The inspection apparatus of the present invention may be provided with a setting unit related to the initial setting of the harmonic oscillator.

It is required to select a piezoelectric material suitable for harmonic vibration and to produce an optimal harmonic oscillator, and also a setting technique for setting an irradiating part such as a harmonic oscillator.

The setting unit may include a measuring unit, an applying unit, and a processing unit 150.

The measurement unit may measure the natural frequency of the irradiation unit.

The applicator may calculate the relative magnitude ratios of the amplitudes of the first ultrasound and the second ultrasound for increasing the size of the second harmonic according to the natural vibration characteristics of the irradiation unit 110 identified by the measurement unit.

The first ultrasound and the second ultrasound having a size (amplitude) calculated by the applying unit are synthesized, and may be applied to the inspected object by the irradiation unit 110.

The processing unit 150 may analyze a sound field of a nonlinear wave generated by various excitations of the irradiation unit 110 and received by the reception unit 130. In addition, the processing unit may be in charge of signal processing of the received wave received through the receiving unit and extraction and analysis of various frequency components.

According to the inspection apparatus of the present invention, the application unit may apply a finite amplitude toneburst waveform having a frequency of ω1 or ω1 & 3ω1 to a single ultrasonic oscillator (overtone oscillator) having a basic frequency ω1 and an odd multiple natural frequency 3ω1. When the corresponding tone bust wave propagates inside the subject, the second harmonic component 2ω1 of the second frequency component 3ω1-ω1 = 2ω1 and ω1 by nonlinear wave synthesis may overlap each other. As a result, it is possible to generate a second harmonic having an amplitude that can be detected by the receiver and analyzed by the processor. Therefore, the generation of the second harmonic is basically suppressed, such as a material having a thin thickness, a high attenuation, or a high scattering material, or a nonlinear ultrasonic method may be applied to a test subject of a material having high energy loss. In addition, the damage degree of various materials can be detected with high sensitivity and high precision, and the reliability of nonlinear ultrasonic non-destructive testing can be significantly improved.

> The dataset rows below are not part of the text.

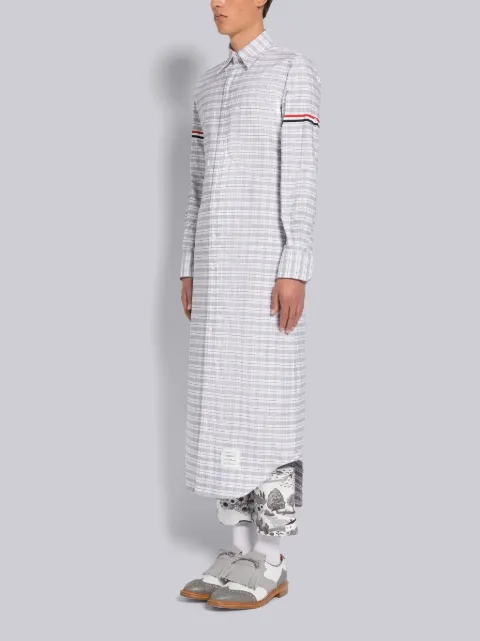 スマートフォン/携帯電話 スマートフォン本体 MADRAS COTTON STRAIGHT FIT SHIRT | Thom Browne Official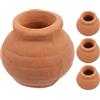 4 vasi piccoli per piante grasse, mini fioriere in terracotta per vaso da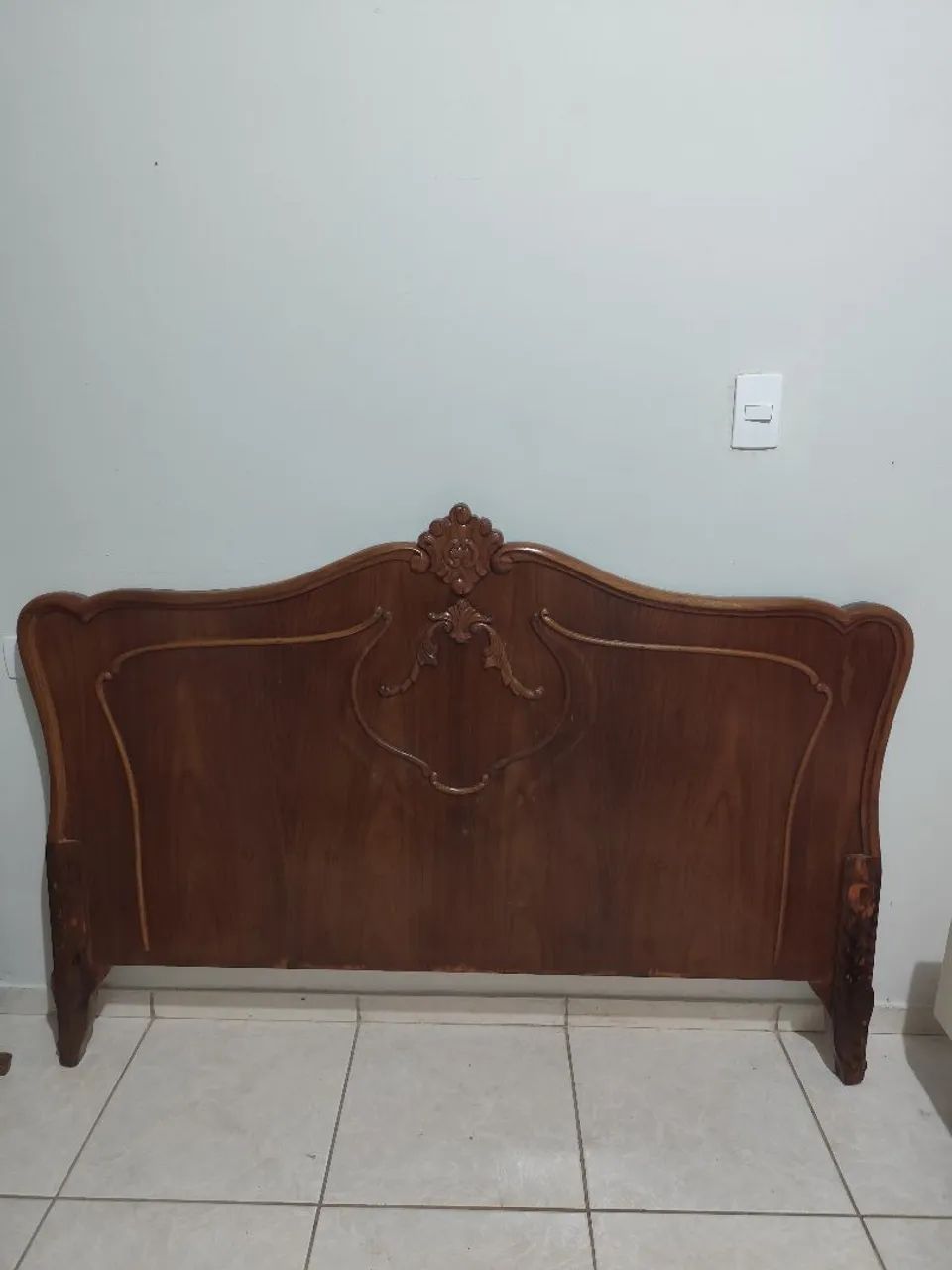 Cabeceira cama antiga  - Foto 2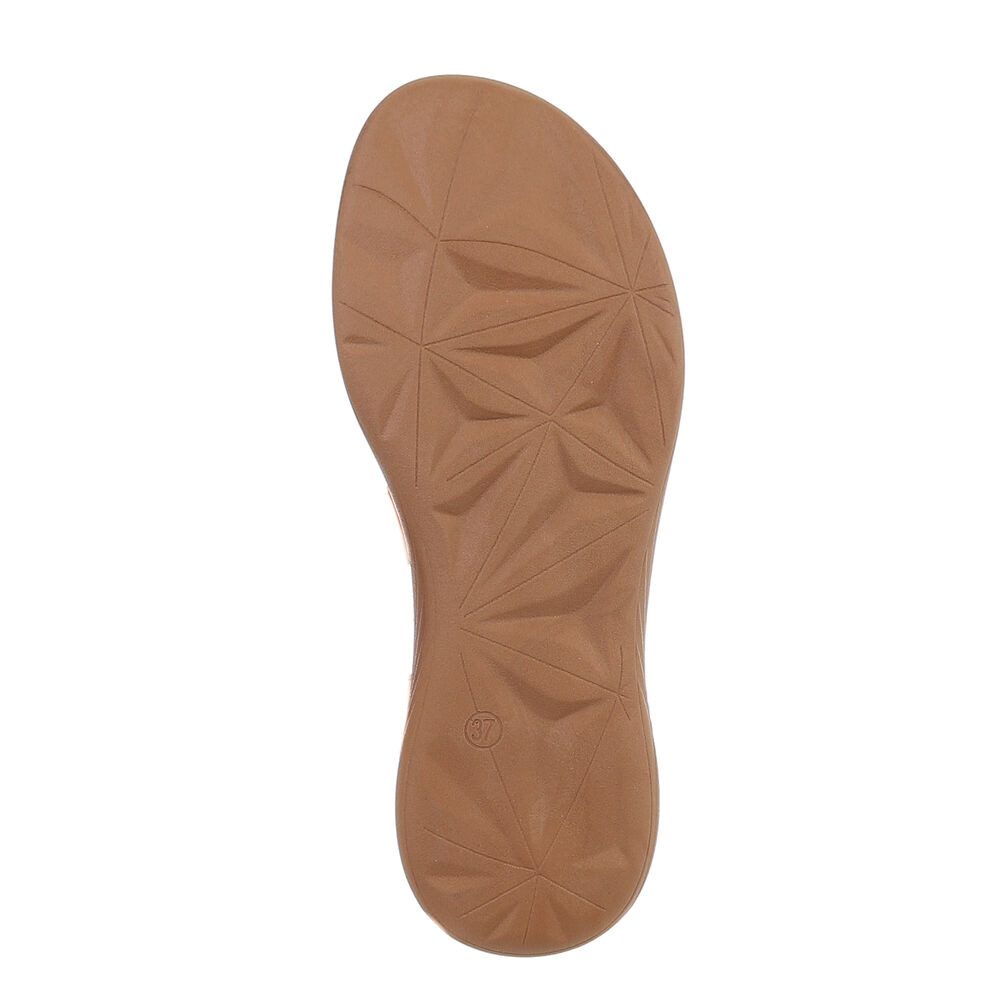 Ital-Design Damen Freizeit Riemchensandalette (86345298) Flach Riemchensandalen in Schwarz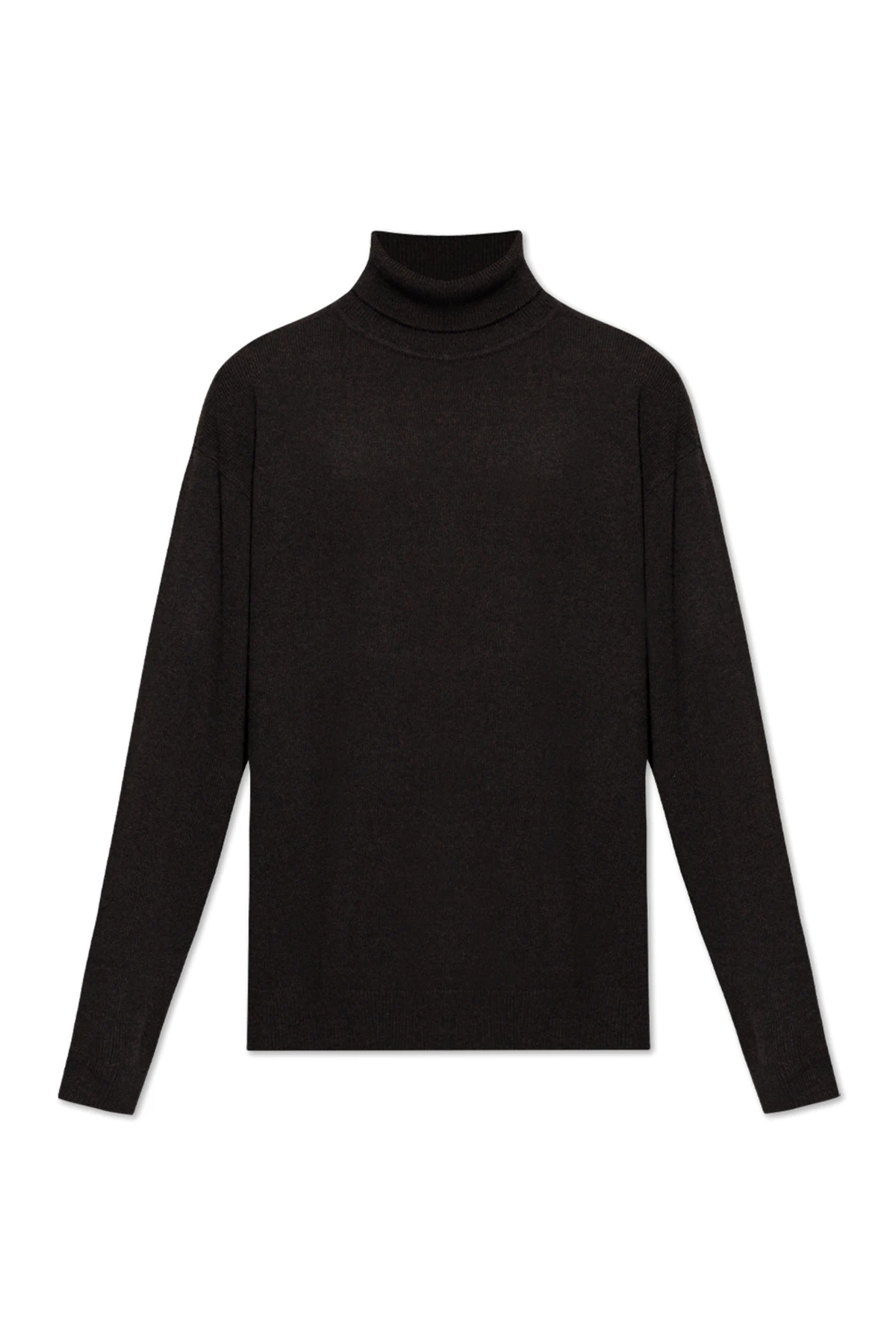 BROWN Turtleneck with sewn-in zippers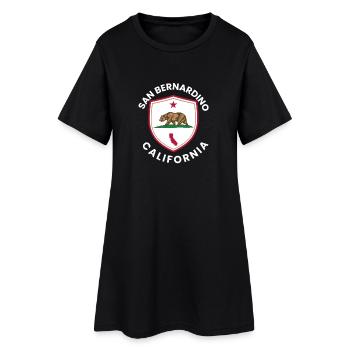 Bouclier d’ours, Californie, San Bernardino - Robe T-shirt Femme - noir - Devant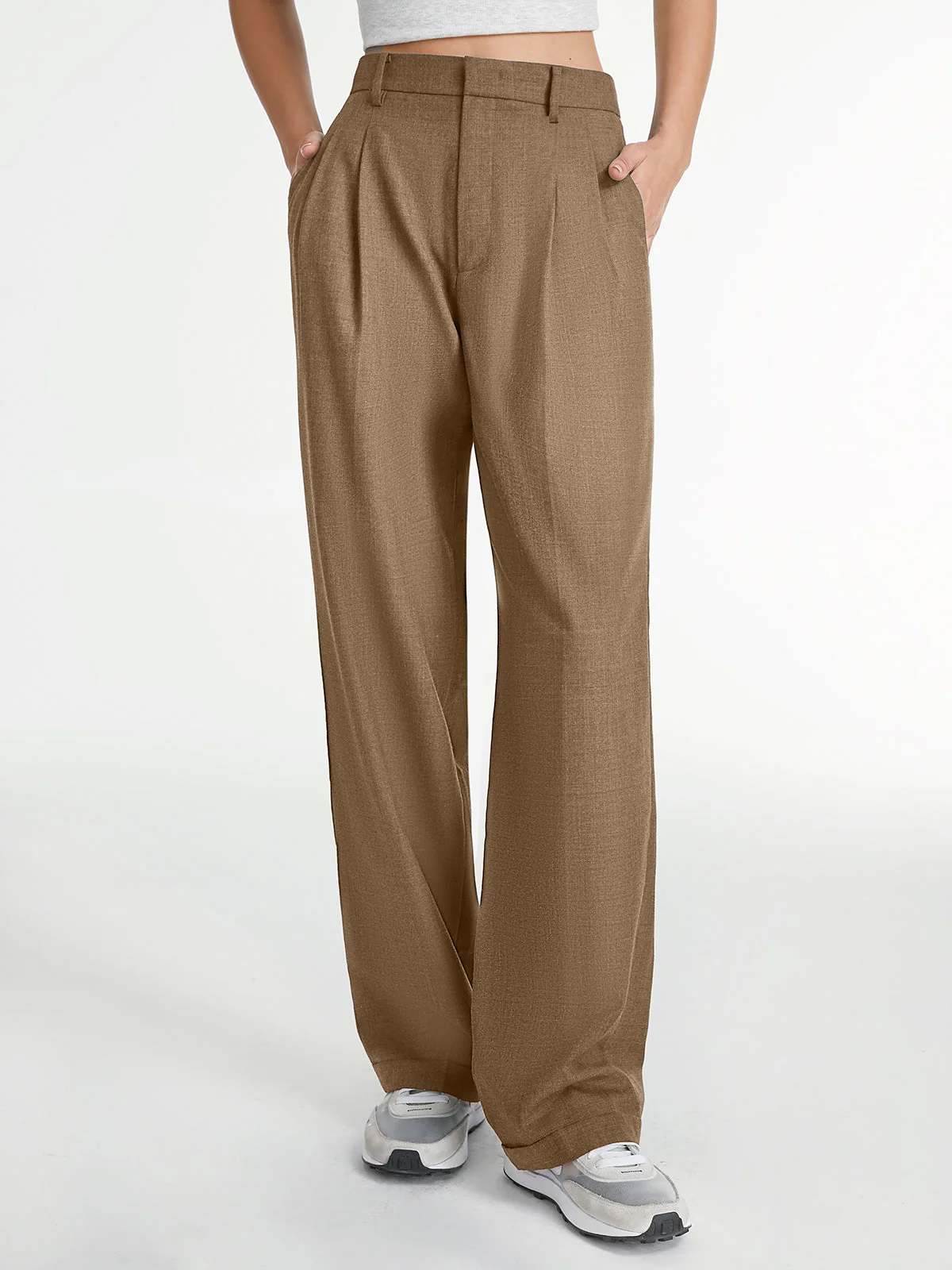 Tailored Straight Leg Dress Pants - Image 7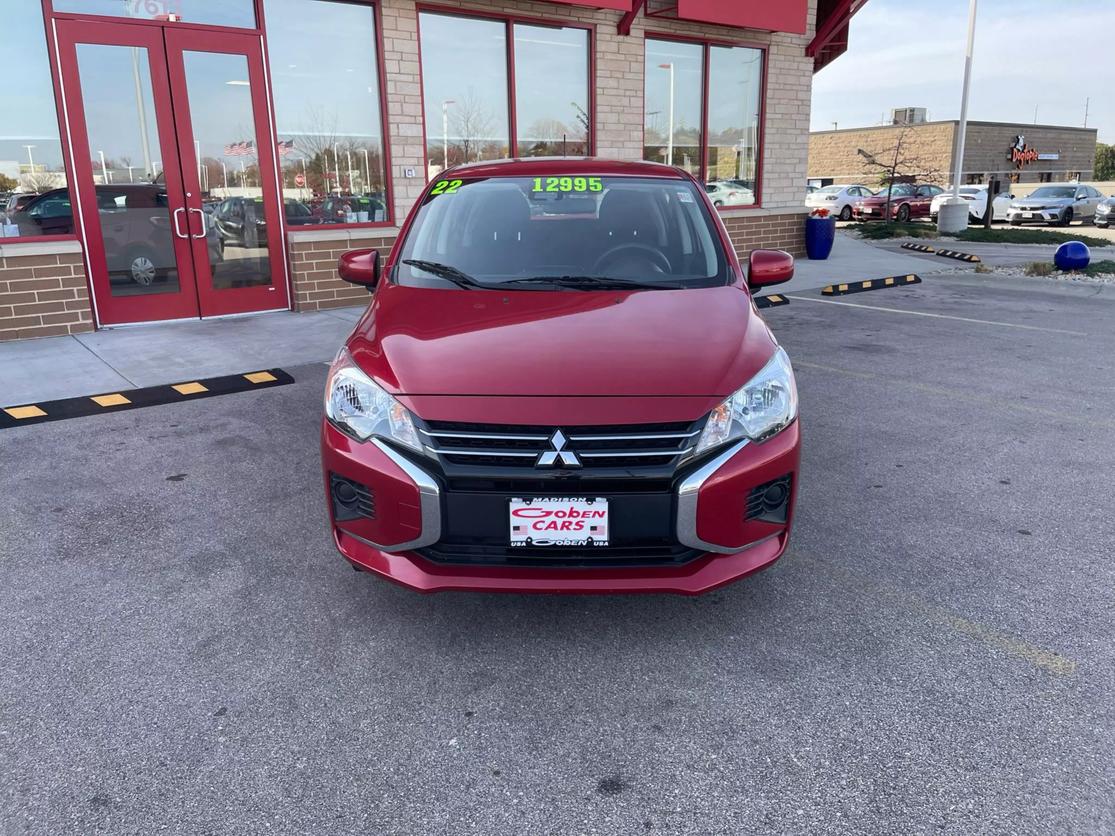 Used 2022 Mitsubishi Mirage LE with VIN ML32AUHJ0NH008847 for sale in Middleton, WI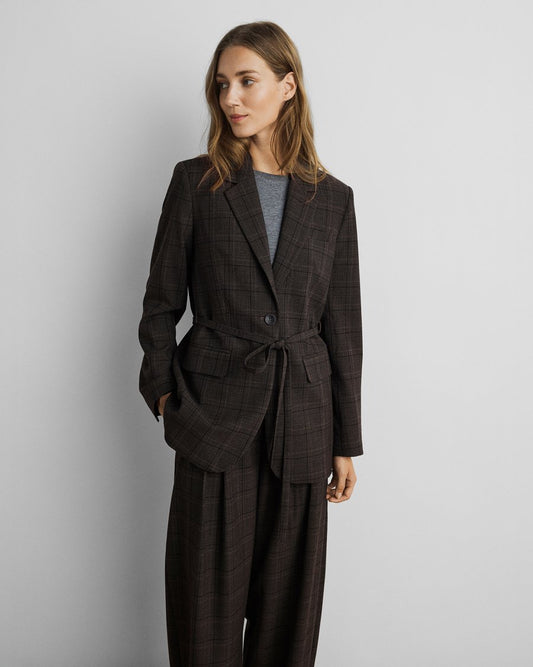 MSCHJohnna HW Barrel Pants CHK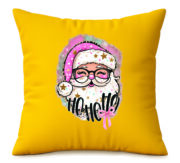 Ho Ho Ho Cute Santa Christmas Cushion - Image 3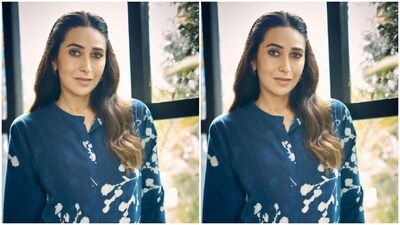 Karisma played muse to fashion designer house Anavila and picked a gorgeous kurta set from the shelves of the designer house. (Instagram/@therealkarismakapoor) Karisma played muse to fashion designer house Anavila and picked a gorgeous kurta set from the shelves of the designer house. (Instagram/@therealkarismakapoor)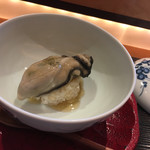 一心鮨 光洋 - 新作  牡蠣の蒸し寿司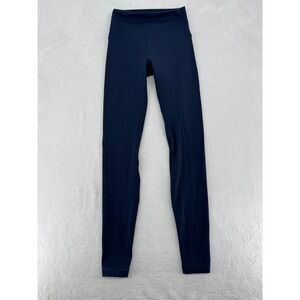HeyNuts Essential High Waisted Leggings Navy Blue XS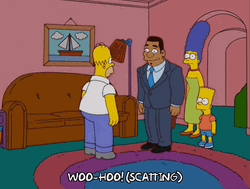 Homer Woohoo Dancing And Feeling It GIF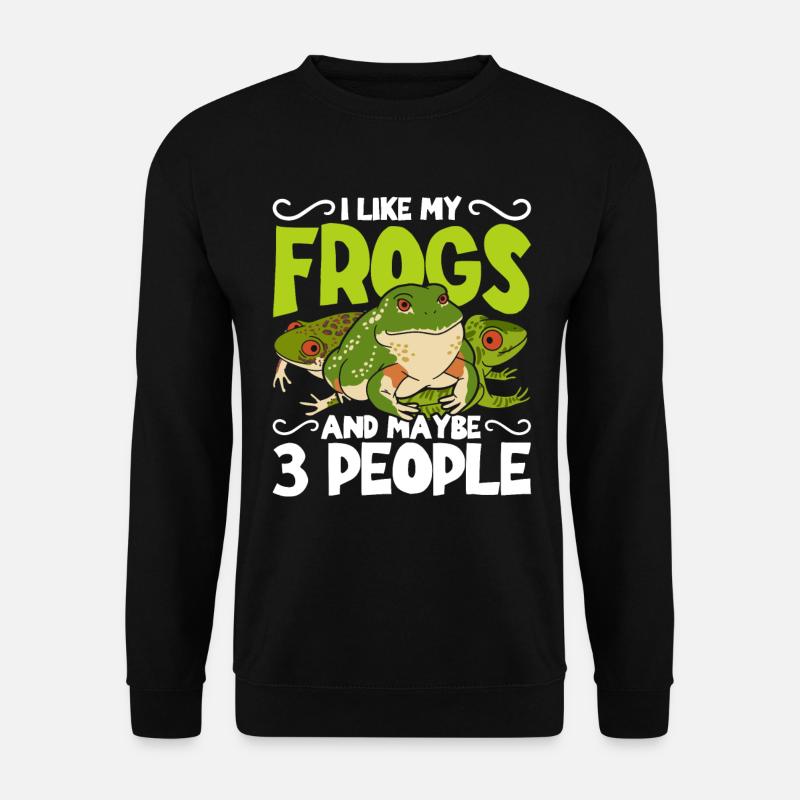 Frosch Rotaugenlaubfrosch - Unisex Pullover - Schwarz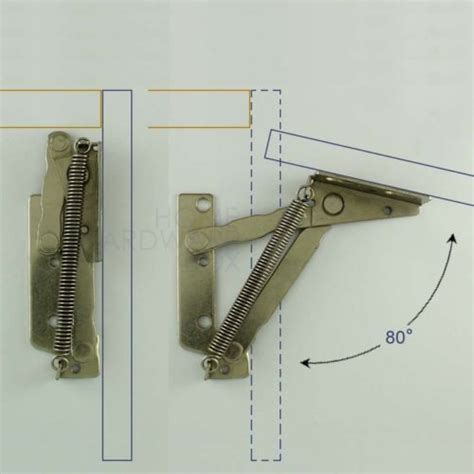 Pair Of Cabinet Door Lift Up Flap Top Support Spring Kitchen Hinges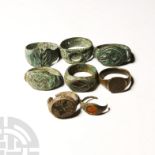 Roman to Byzantine Bronze Ring Collection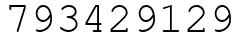 Число 793429129.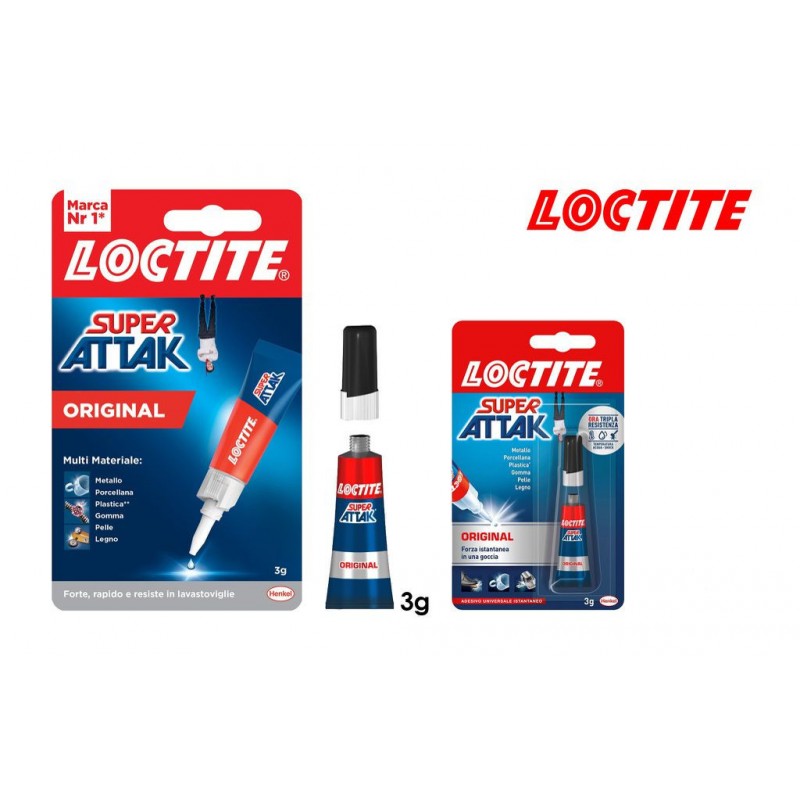 Loctite super attak original 3g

The irradiation unit of the present invention may use a composite wave of the first ultrasound and the second ultrasound from the incident stage of the inspection signal to the subject. In the propagation process inside the subject, various frequency components are generated by wave joint, and in particular, a second harmonic component is additionally generated. Therefore, the receiver can receive the second harmonic of a large amplitude.

The irradiation unit may excite ultrasonic waves in a contact or non-contact method to the subject.

In order to perform a diagnosis, such as determining the location of damage to a test object in an actual field, it is required to measure absolute nonlinear parameter values through calibration of a receiving unit that receives a signal passing through the test object. The calibration operation of the receiver is performed using the second harmonic component included in the signal. However, in the case of a known nonlinear ultrasound method, the measured second harmonic component has a fatal limit of almost zero. Therefore, the conventional nonlinear ultrasonic inspection method is not used in the actual field where various noises that make it difficult to detect the second harmonic are scattered, and is applied only in a laboratory capable of excluding noise.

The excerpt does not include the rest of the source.